The major indices closed with the first 3-day win streak since September 10-12. While commodity stocks and financials led, and tech stocks lagged, the real star of the day was the home builders, several of which increased 20 percent or more.
That's because the new program announced by the Fed to buy Mortgage-Backed Securities appears to have accomplished its goal: lower mortgage rates.
I spoke to one large mortgage broker in Philadelphia this afternoon, who said they were now quoting 30-year fixed rate mortgages at 5.5 percent, a drop of a half-point from yesterday's 6.0 percent. That is a big drop.
This office told me they had closed 100 loans today (a much larger number than any time recently); much of it was refinancings.
Many consumer stocks like Lowe's , Target , and Whirlpool were up today as Treasury also announced a separate Term Asset-Backed Loan Facility (TALF) that will buy pools of car loans, personal loans, and student loans.

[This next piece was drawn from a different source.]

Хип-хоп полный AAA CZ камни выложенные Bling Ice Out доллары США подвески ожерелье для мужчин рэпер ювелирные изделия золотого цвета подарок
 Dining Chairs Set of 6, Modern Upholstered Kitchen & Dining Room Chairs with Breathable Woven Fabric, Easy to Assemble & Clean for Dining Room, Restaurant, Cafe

Finally, Goldman Sachs ended up almost 7 percent as its $5 billion bond offering was a big success. Why? Because it had the explicit backing of the U.S. government!
Goldman became the first firm to tap the FDIC's Temporary Liquidity Guarantee Program, which guarantees senior unsecured debt. That has enabled Goldman to offer the bonds at 3.25 percent, well below the yield they would have had to offer had there been no explicit government guarantee. JP Morgan and Morgan Stanley will follow up with similar offers.